> **YOUR GOAL**
Print all the data below exactly, without images.

> **DATA**

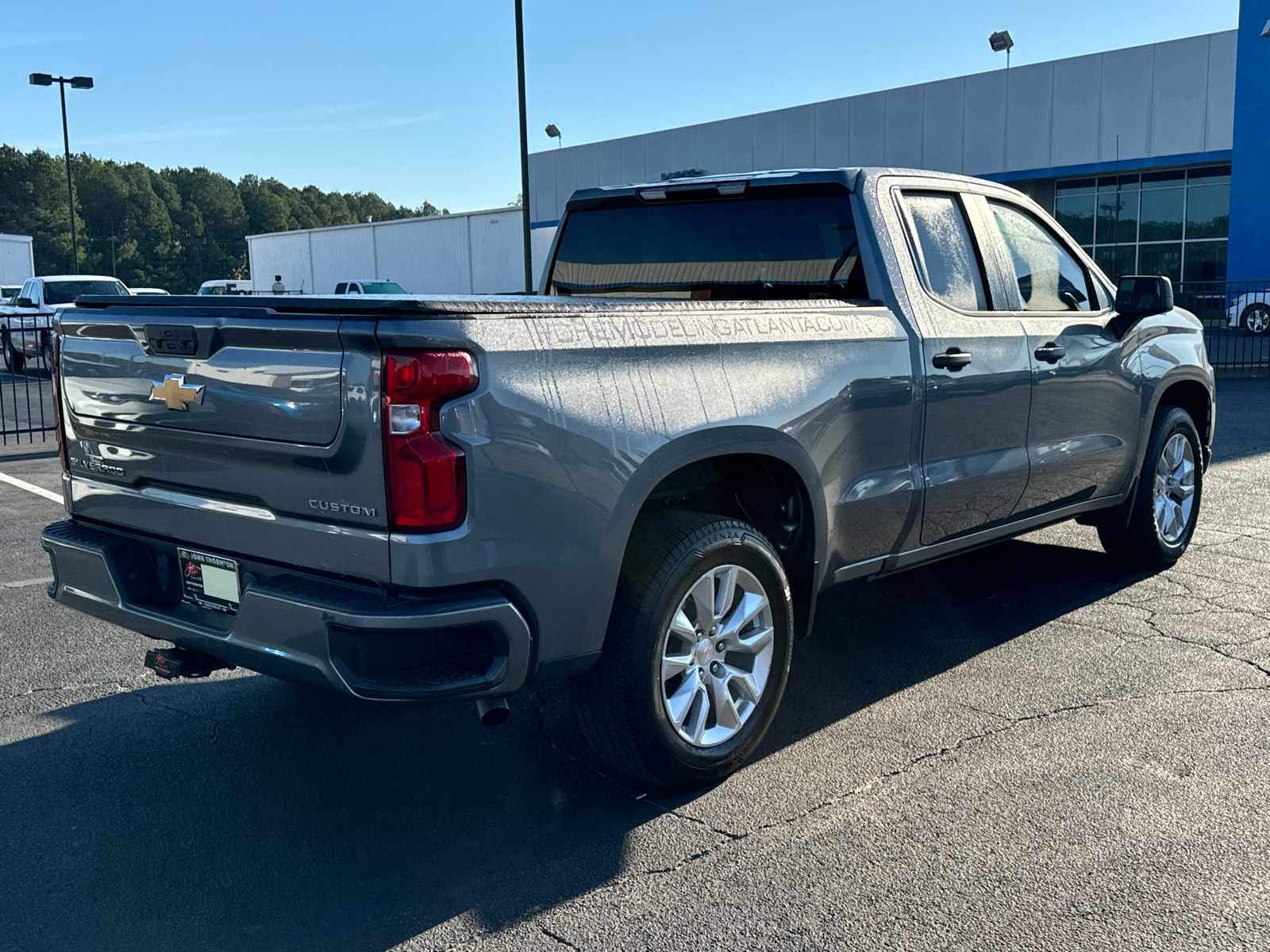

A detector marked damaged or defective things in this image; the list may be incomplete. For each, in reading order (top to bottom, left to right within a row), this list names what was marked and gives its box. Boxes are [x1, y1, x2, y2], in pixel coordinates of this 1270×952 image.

cracked asphalt [2, 381, 1270, 952]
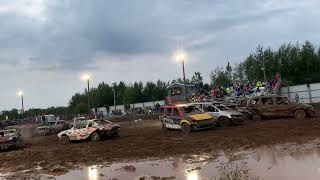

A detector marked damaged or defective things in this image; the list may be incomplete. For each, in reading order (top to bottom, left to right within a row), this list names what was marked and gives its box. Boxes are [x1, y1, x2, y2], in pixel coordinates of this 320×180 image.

crashed vehicle [0, 129, 23, 150]
damaged car [0, 129, 23, 150]
crashed vehicle [58, 119, 120, 144]
damaged car [58, 119, 120, 144]
crashed vehicle [159, 104, 215, 134]
damaged car [159, 104, 215, 134]
crashed vehicle [190, 102, 245, 126]
crashed vehicle [244, 95, 314, 119]
damaged car [245, 95, 316, 120]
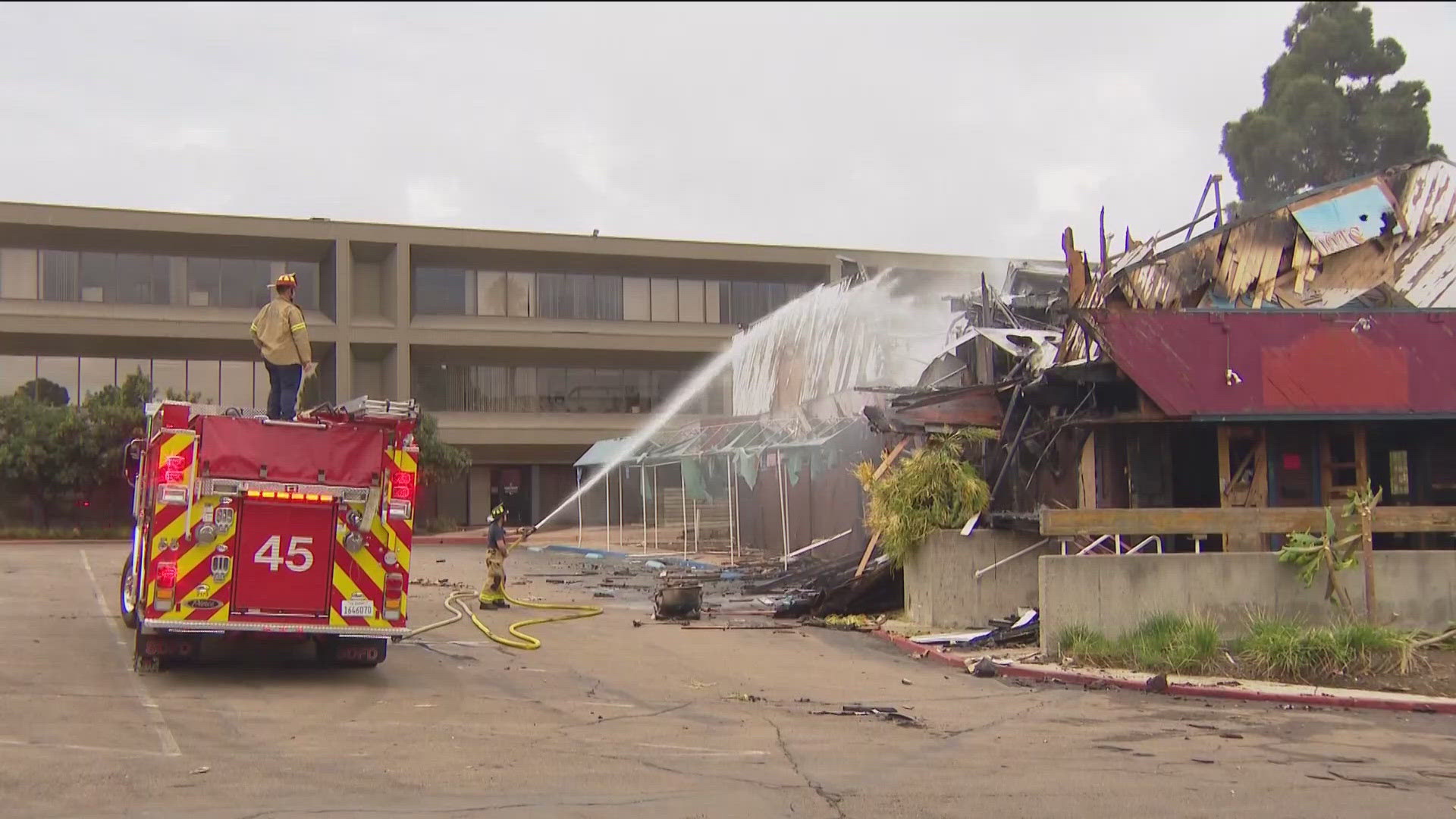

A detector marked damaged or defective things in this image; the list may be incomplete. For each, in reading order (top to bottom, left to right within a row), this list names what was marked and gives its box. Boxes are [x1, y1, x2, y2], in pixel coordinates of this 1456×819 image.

cracked pavement [2, 543, 1456, 819]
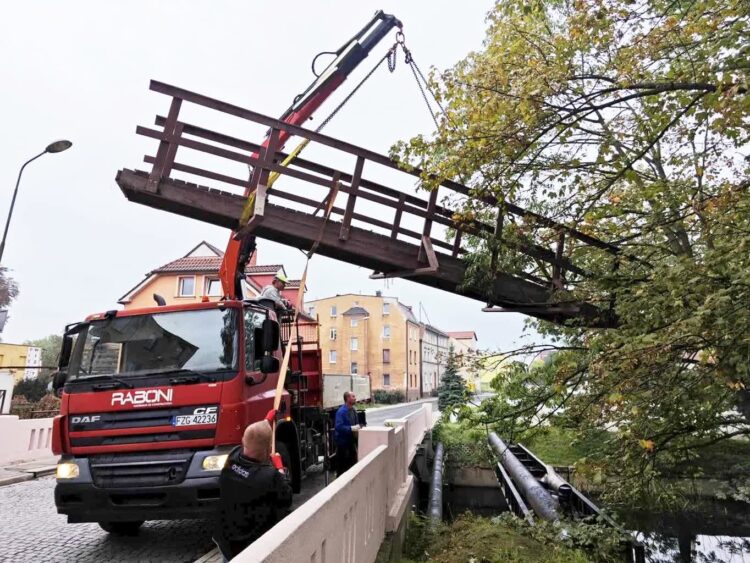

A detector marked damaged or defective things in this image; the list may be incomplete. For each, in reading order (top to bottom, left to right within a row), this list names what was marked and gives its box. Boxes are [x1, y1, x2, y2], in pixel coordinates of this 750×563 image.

rusty steel truss [117, 79, 624, 326]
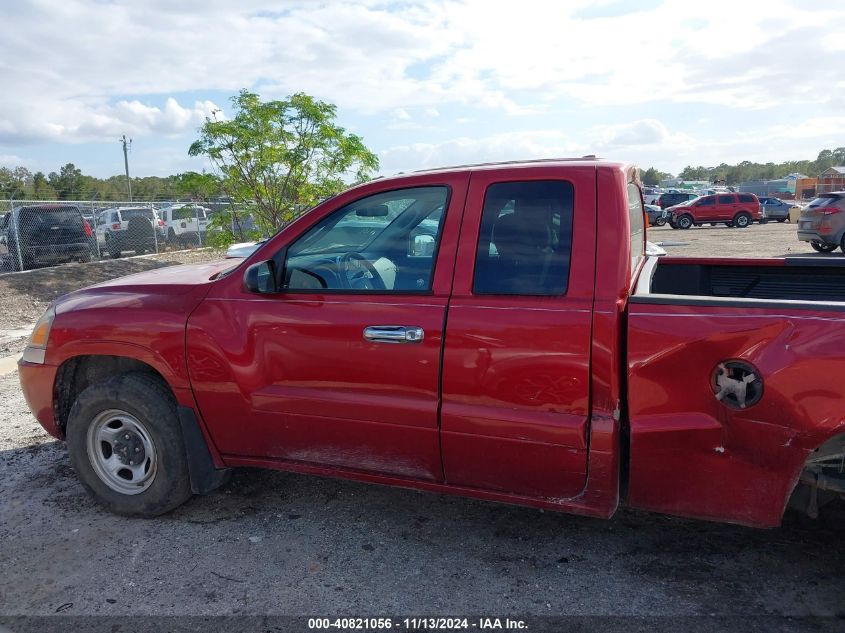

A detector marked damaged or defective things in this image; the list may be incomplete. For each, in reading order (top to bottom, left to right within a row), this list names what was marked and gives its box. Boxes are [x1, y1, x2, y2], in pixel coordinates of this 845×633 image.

damaged rear quarter panel [624, 304, 844, 524]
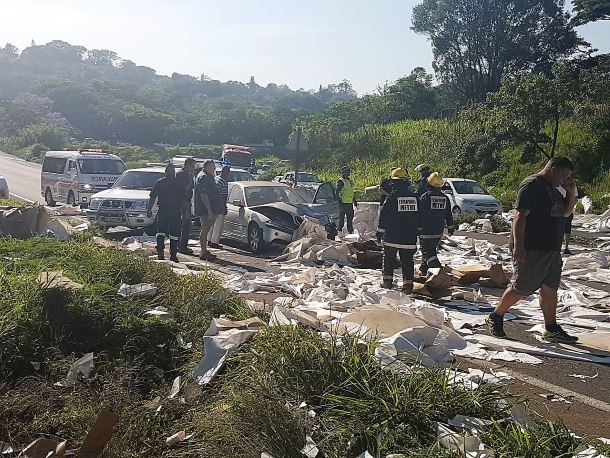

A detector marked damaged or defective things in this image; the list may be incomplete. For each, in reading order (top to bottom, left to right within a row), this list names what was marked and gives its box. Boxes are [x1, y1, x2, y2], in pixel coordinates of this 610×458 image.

damaged car [224, 182, 338, 254]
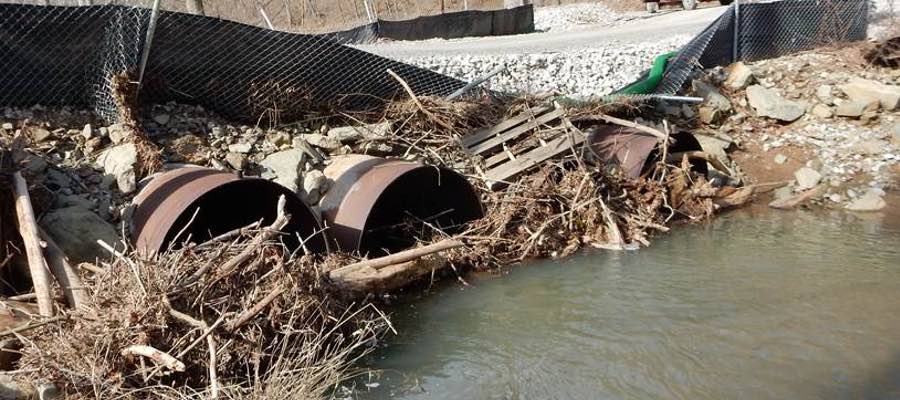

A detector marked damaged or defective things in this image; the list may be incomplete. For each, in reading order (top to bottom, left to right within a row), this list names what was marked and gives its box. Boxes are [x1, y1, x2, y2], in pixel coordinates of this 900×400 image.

broken wooden plank [460, 105, 552, 148]
broken wooden plank [468, 107, 568, 155]
broken wooden plank [488, 130, 588, 189]
rusty metal culvert pipe [132, 168, 328, 256]
rust stain on pipe [132, 168, 328, 256]
rusty metal culvert pipe [320, 155, 482, 255]
rust stain on pipe [320, 155, 482, 255]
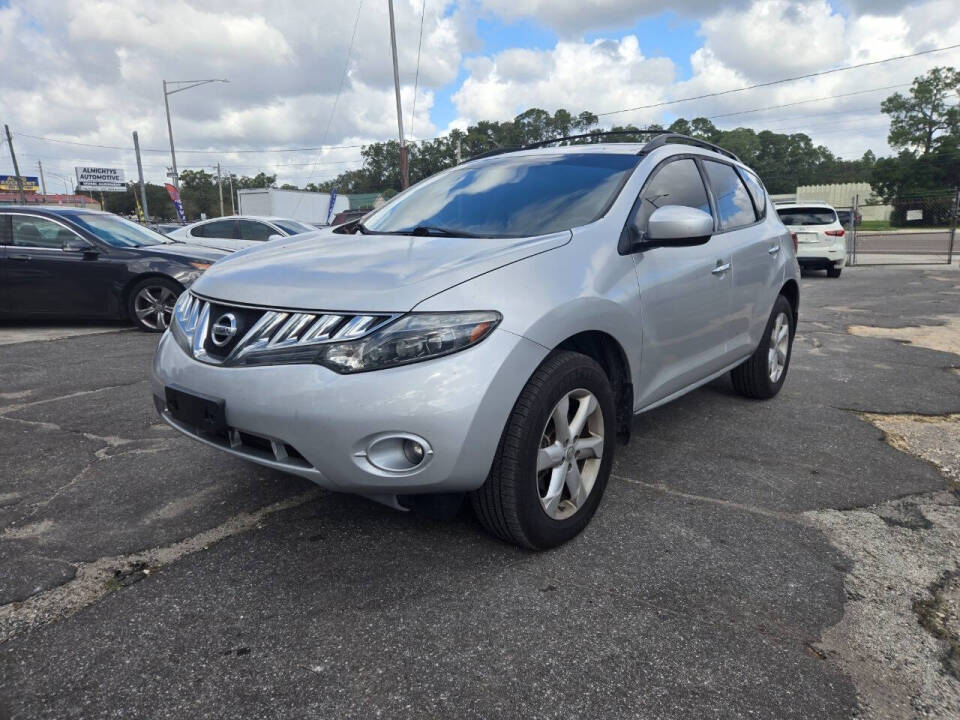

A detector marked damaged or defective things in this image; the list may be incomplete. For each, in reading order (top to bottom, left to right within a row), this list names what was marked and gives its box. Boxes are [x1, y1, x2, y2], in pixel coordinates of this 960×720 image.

pavement crack [0, 486, 322, 644]
cracked pavement [1, 268, 960, 716]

> **REPLY**
A detector marked damaged or defective things in this image; the list may be incomplete. For each, in reading order (top to bottom, left to right within a row), this list names what was marked and gives its box. Boxes are [x1, y1, x2, y2], in pixel coordinates of this 1270×952 image.

cracked asphalt [2, 381, 1270, 952]

A detector marked damaged or defective things in this image; the list may be incomplete. For each, in reading order (top to bottom, left to right within a row), this list names what was marked and gives its box. Boxes are [x1, y1, x2, y2], in pixel coordinates of this 320×180 image.

crashed vehicle [0, 129, 23, 150]
damaged car [0, 129, 23, 150]
crashed vehicle [58, 119, 120, 144]
damaged car [58, 119, 120, 144]
crashed vehicle [159, 104, 215, 134]
damaged car [159, 104, 215, 134]
crashed vehicle [190, 102, 245, 126]
crashed vehicle [244, 95, 314, 119]
damaged car [245, 95, 316, 120]

A detector marked damaged or defective things in this image; the list may be incomplete. For each, in reading order (top to bottom, left to right within a row), this list names what was marked and gives its box. Boxes are [x1, y1, x2, y2], in pixel coordinates of this 1456×819 image.

cracked pavement [2, 543, 1456, 819]

A detector marked damaged or defective things in this image; the list may be incomplete. For each, in reading order (top to bottom, left to right within a row), this list names what was marked and gives its box. Boxes are [x1, y1, x2, y2], in pixel coordinates of this 750×563 image.

rusty steel truss [117, 79, 624, 326]

A detector marked damaged or defective things in this image; the list may be incomplete. For each, in reading order (top to bottom, left to right within a row), this list names what was marked and gives its box. Boxes are [x1, y1, x2, y2], in pixel coordinates of this 845×633 image.

damaged rear quarter panel [624, 304, 844, 524]

A detector marked damaged or defective things in this image; the list may be incomplete. For each, in reading order (top to bottom, left to right within a row), this list names what was marked and gives its box. Boxes are [x1, y1, x2, y2], in pixel coordinates of this 610×458 image.

damaged car [224, 182, 338, 254]

A detector marked damaged or defective things in this image; the list may be incomplete. For each, in reading order (top to bottom, left to right within a row), this list names what was marked and gives its box. Boxes are [x1, y1, x2, y2], in pixel coordinates of this 900×400 image.

broken wooden plank [460, 105, 552, 148]
broken wooden plank [468, 107, 568, 155]
broken wooden plank [488, 130, 588, 189]
rusty metal culvert pipe [132, 168, 328, 256]
rust stain on pipe [132, 168, 328, 256]
rusty metal culvert pipe [320, 155, 482, 255]
rust stain on pipe [320, 155, 482, 255]

A detector marked damaged or defective things in this image; the list may be incomplete. For each, in reading order (top to bottom, left to right within a row), this list names what was marked and gives its box. Boxes are [x1, y1, x2, y2], in pixel coordinates of this 960×720 image.

pavement crack [0, 486, 322, 644]
cracked pavement [1, 268, 960, 716]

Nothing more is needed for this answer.